Amazon Web Services looks to the stars
While Amazon’s e-commerce arm might be top-of-mind with the average consumer, its Web Services network is the company’s bread and butter, generating far more revenue than its retail website. Quartz reports that Amazon Web Services’ network of satellite antennae is now coming online, establishing the company’s space bonafides.
The spacecraft sector, namely academics and government intelligence agencies, has especially benefited from advances in cloud computing, according to the outlet.
“Almost every satellite company I’ve worked with tends to process and put their data into [Amazon Web Services]. Why don’t we just get rid of the bumps in the line, make it really easy to get the data into AWS?”
“Almost every satellite company I’ve worked with tends to process and put their data into [Amazon Web Services],” said Shayn Hawthorne, a former US Air Force officer and defense contractor with experience consulting security conscious clientele turned general manager of AWS Ground Station. “Why don’t we just get rid of the bumps in the line, make it really easy to get the data into AWS?”
According to Quartz, eight private satellite operators and an undisclosed number of government agencies are now using the service, which came online with two ground stations last week.
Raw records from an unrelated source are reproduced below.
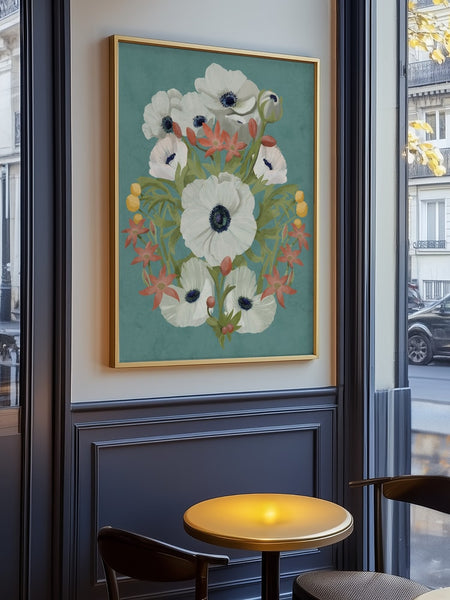 Anemone on Blue PFY Art Print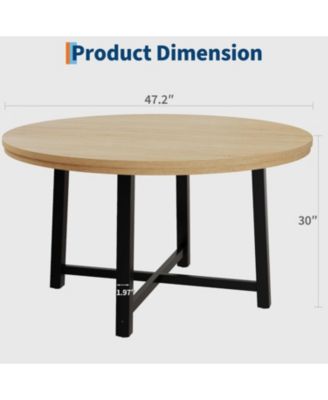 Industrial Farmhouse Round Dining Table for 4-6 - 47 Inch Natural Wood Color - Sturdy Metal Frame - Space-Saving Design - Perfect for Family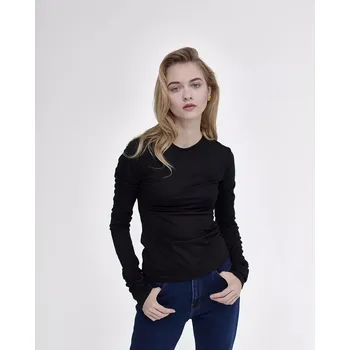 Dámské tričko Dámské triko Merino Basic 140 řasený rukáv Černá M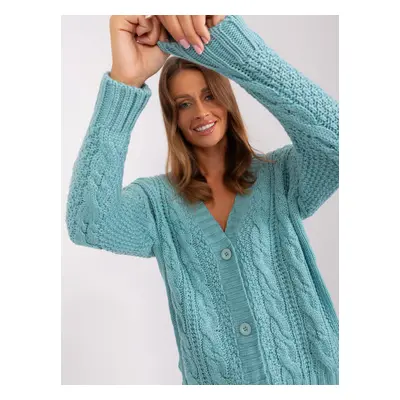 Dark mint cardigan with buttons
The outlet reports that more are expected to open globally this year, with customers ultimately gaining access to their satellites every 25 to 35 minutes.
Amazon Web Services’ enormous size is seen as a major competitive advantage in this emerging market.
“One of the biggest bottlenecks is the latency and the reactivity,” said Payam Banazadeh, the CEO of Capella Space, one of Amazon’s first ground station customers. Banazadeh told the outlet that current SAR satellites systems take about eight hours to fulfill a request to examine a certain area of the planet.
“Ideally, you are living in a world where there are so many ground stations everywhere…10 minutes after you’ve collected, you dump that data through the ground station, ideally really close by to your data center,” Banazadeh said to Quartz. “With AWS we’re getting one step closer to that reality.”